Today's computing devices have access to a variety of visual content. To enable visual content to be displayed, visual content is typically processed in various ways prior to being displayed. For example, graphics data is typically converted from complex geometries into simpler geometric primitives that can be processed and displayed as part of more complex images.
One such technique for converting geometries into simpler primitives is known as tessellation. Generally, tessellation involves converting a complex shape into a group of simple polygons (e.g., triangles) that can be processed and displayed. While tessellation is useful for rendering high-quality graphics, it is also associated with significant computing resource costs.

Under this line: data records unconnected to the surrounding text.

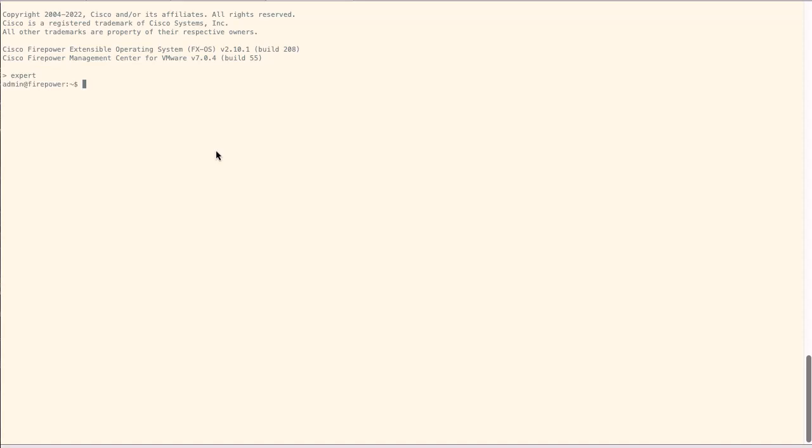We need root permissions, so we have to type sudo su command. Once it requests the password, please type your CLI password.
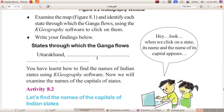Dear children, hope you all have understood this. K-Geography software is interesting! We will start Activity 8.2 in our next class. Now we are winding up today's session. Here is your assignment: write the 28 states and their capitals in your IT notebook, and also study them. Thank you.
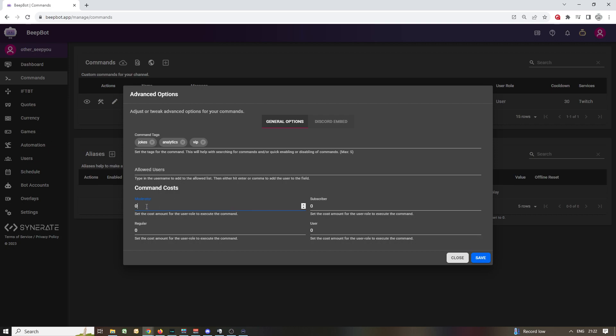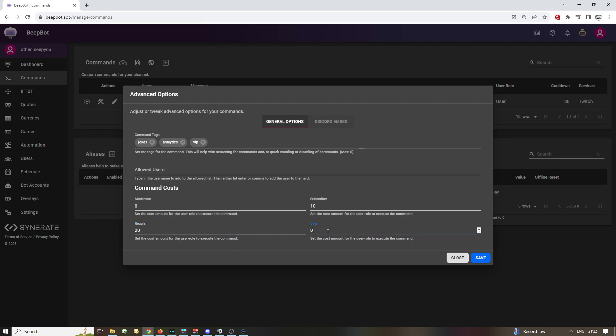So you have different specified specifications for moderator. If a moderator runs it he has this kind of cost which probably could be zero. Subscriber runs it maybe a little like ten or something, and if a regular does it like twenty, and if a normal user does it maybe fifty or something. And that's how you can get some commands to run on a cost because you want to.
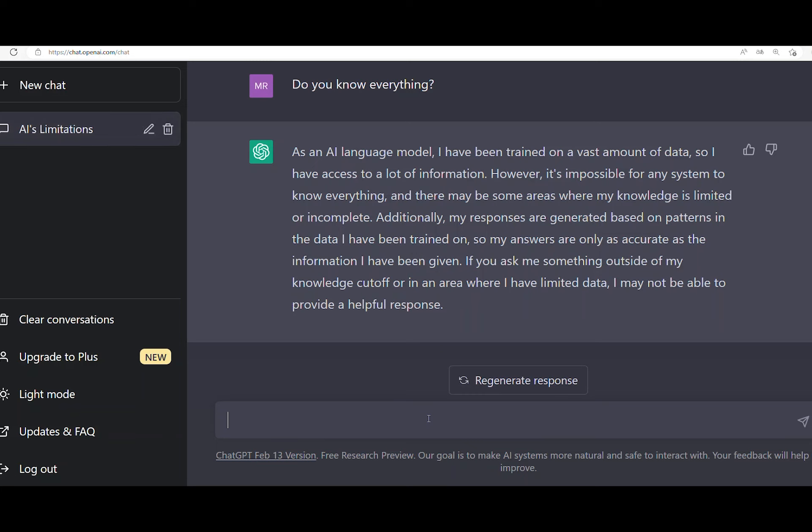However, it's impossible for any system to know everything, and there may be some areas where my knowledge is limited or incomplete.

A common approach to mitigate the resource cost of tessellation is to separate graphics rendering out into two passes. A first pass is known as a “realization” pass that converts a geometry into an intermediate form (called a “realization”) that is cached, such as on a central processing unit (“CPU”) and/or on a graphics processing unit (“GPU”). A second pass is known as a “draw” pass that takes the cached realization along with a transform and a “brush” (e.g., a mapping from pixel positions to color values) and renders a primitive. Thus, the expensive CPU cost of tessellation can be incurred once, while the primitive itself can be rendered multiple times with varying transforms and brushes to reduce CPU overhead.
While current techniques may utilize this two-pass approach to rendering primitives, such techniques suffer from a number of drawbacks. For example, some techniques employ multi-sample-based anti-aliasing that can significantly increase GPU costs and thus affect overall rendering performance. Moreover, such techniques are not typically supported on many current GPUs. Other techniques may rasterize a geometry to generate a coverage bitmap that is used as an opacity mask to which a brush can be applied to render graphics. These techniques may suffer from distortion when a coverage bitmap is scaled, and may also increase GPU memory costs significantly for larger geometries.